Cornish Light at Falmouth Art Gallery



If you know any Cornish folk, you'll know that we're fiercely proud of our heritage and individuality (sometimes with a slight leaning towards exaggeration. I never said that). My non-Cornish other half thinks we're mad. Actually, he probably just thinks I am. He finds it most amusing that I claim Cornwall has its own language (we do), its own tartan (again, we do), and a peculiar, inspiring and unique natural light that isn't found anywhere else (obviously). So I was delighted to go home to Falmouth Art Gallery to see its latest exhibition celebrate this Cornish light I've been adamantly defending.

Cornwall is a peninsula virtually surrounded by water. The bright sunshine reflects off the sea onto the land, which is what has attracted and anchored so many artists to our little part of the world.

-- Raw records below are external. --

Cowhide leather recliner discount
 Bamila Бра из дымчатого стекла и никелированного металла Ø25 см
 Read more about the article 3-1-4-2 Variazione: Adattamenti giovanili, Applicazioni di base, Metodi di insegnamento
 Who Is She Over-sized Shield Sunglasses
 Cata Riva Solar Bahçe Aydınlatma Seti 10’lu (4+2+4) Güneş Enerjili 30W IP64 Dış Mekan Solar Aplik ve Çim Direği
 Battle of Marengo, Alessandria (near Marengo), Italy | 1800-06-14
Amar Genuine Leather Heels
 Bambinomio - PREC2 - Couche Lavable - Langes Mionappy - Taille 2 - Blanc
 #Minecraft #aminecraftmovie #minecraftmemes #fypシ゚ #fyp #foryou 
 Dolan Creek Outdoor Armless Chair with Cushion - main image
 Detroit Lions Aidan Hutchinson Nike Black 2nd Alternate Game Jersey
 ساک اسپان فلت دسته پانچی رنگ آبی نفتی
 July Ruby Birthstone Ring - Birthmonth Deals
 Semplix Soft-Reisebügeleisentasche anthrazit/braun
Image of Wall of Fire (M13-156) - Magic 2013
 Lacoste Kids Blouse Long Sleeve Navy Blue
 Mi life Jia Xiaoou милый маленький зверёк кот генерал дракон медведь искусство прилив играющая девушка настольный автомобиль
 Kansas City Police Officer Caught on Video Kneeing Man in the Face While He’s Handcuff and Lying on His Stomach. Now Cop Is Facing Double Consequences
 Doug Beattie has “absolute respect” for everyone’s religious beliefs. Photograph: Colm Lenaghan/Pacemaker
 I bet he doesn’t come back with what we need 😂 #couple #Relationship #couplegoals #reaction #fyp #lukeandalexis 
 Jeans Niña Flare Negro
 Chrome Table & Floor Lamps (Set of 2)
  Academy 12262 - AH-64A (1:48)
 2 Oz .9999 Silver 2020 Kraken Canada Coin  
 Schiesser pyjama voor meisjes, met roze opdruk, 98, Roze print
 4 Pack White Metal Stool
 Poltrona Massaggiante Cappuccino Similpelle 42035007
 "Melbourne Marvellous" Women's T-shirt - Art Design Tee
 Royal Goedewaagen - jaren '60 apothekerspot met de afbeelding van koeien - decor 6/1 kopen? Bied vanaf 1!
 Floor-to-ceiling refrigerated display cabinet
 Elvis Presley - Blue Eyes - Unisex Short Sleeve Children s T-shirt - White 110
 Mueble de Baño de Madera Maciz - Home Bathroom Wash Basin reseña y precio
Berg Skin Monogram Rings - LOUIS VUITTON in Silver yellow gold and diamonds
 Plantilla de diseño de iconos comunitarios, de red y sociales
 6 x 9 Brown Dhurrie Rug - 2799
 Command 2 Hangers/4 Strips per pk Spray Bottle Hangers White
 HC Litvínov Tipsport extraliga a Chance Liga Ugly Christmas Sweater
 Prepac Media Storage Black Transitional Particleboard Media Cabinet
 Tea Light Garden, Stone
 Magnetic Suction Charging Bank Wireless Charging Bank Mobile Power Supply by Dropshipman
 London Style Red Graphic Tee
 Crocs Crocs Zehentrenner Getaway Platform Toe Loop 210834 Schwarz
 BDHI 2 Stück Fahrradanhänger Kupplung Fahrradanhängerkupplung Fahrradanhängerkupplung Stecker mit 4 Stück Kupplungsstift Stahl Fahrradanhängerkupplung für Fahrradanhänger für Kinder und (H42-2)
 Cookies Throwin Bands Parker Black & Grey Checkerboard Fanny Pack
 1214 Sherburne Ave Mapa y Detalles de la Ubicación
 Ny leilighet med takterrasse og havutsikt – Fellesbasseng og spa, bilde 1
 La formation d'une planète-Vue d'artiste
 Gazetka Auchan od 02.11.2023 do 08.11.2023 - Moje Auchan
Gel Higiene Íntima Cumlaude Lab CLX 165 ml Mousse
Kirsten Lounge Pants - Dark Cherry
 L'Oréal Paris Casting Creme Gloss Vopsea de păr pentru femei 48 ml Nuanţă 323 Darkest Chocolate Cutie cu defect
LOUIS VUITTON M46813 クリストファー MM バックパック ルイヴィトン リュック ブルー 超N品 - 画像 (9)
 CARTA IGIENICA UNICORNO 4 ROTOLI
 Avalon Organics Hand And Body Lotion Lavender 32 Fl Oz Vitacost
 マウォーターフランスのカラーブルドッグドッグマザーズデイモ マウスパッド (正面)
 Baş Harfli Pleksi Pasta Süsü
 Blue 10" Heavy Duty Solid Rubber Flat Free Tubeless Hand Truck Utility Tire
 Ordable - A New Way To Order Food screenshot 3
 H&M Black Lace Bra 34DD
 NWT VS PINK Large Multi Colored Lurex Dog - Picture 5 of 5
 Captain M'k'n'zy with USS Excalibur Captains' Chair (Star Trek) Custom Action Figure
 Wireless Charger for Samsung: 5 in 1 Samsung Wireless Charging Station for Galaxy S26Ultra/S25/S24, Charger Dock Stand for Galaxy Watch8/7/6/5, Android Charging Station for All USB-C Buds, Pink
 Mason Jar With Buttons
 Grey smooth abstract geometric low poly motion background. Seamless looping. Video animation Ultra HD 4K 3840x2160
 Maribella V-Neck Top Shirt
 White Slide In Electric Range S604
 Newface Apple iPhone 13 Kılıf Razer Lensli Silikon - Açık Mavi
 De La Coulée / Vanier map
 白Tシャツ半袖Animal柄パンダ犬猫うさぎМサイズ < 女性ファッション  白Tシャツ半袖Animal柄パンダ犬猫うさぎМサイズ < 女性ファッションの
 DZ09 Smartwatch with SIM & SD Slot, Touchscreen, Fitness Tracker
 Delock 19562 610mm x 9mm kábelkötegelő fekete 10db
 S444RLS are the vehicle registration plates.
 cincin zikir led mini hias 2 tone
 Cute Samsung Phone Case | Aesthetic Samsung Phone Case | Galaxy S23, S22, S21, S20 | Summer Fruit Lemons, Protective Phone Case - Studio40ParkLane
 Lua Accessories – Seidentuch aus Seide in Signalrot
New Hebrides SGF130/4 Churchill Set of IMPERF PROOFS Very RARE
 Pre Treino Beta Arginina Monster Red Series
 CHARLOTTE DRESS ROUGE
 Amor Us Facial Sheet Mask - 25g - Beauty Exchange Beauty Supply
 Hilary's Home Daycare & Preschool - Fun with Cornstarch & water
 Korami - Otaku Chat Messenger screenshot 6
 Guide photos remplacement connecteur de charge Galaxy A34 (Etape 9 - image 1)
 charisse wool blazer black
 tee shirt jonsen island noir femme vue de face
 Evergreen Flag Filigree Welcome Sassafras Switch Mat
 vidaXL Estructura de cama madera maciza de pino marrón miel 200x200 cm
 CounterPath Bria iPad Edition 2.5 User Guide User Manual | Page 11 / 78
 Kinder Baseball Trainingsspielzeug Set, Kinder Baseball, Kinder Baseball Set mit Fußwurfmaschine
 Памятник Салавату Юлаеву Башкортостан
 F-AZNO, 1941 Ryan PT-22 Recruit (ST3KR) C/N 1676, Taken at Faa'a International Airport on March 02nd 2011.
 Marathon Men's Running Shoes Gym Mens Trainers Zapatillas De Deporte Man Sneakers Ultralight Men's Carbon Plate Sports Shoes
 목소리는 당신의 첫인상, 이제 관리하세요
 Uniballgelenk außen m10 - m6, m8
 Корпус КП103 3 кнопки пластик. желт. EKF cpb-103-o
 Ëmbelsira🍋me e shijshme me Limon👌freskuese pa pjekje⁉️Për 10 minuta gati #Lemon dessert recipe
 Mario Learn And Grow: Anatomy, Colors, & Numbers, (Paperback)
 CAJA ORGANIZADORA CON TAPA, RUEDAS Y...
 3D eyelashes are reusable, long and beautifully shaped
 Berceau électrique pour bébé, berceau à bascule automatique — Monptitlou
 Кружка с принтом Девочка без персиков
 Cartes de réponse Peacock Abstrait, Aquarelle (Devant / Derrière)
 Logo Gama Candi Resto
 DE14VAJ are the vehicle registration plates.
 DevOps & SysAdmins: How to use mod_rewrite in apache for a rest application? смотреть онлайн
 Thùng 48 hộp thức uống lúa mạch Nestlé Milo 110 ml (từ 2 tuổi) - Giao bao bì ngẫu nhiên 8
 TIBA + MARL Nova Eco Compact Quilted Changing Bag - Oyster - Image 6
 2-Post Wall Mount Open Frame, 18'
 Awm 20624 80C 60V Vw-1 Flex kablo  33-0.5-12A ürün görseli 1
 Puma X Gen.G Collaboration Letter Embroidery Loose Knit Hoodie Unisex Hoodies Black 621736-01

Henry Scott Tuke, Study of bathing boys

The artist that springs to mind most prominently when I hear the words 'Cornwall', 'sea' and 'natural light' is Henry Scott Tuke. Many of his works depicted the nude in its various forms, but the paintings are more about the light reflecting off the skin than the skin itself. Some people argue he had love affairs with his subjects. I'd say he had more of a love affair with the light.

William Enelyn Osborn(e), St. Ives Pier (Smeaton's Piter)

In this exhibition Falmouth Art Gallery presents two of its many, many Tukes alongside the works of other masters and contemporary painters. A stand-out piece for me was William Evelyn Osborn(e)'s St. Ives Pier, which shows up frequently at Fal Art Gall. Of the contemporary artists, it was Benjamin Warner and Myles Oxenford who stole the show. You can read more about them both on the Beside the Wave website.

Artists and artistic styles come, go and evolve, but this exhibition celebrates something ever-present: just as the light constantly reflects from sea to land, so it will continue to inspire the artists of Cornwall. And ain't that just lovely?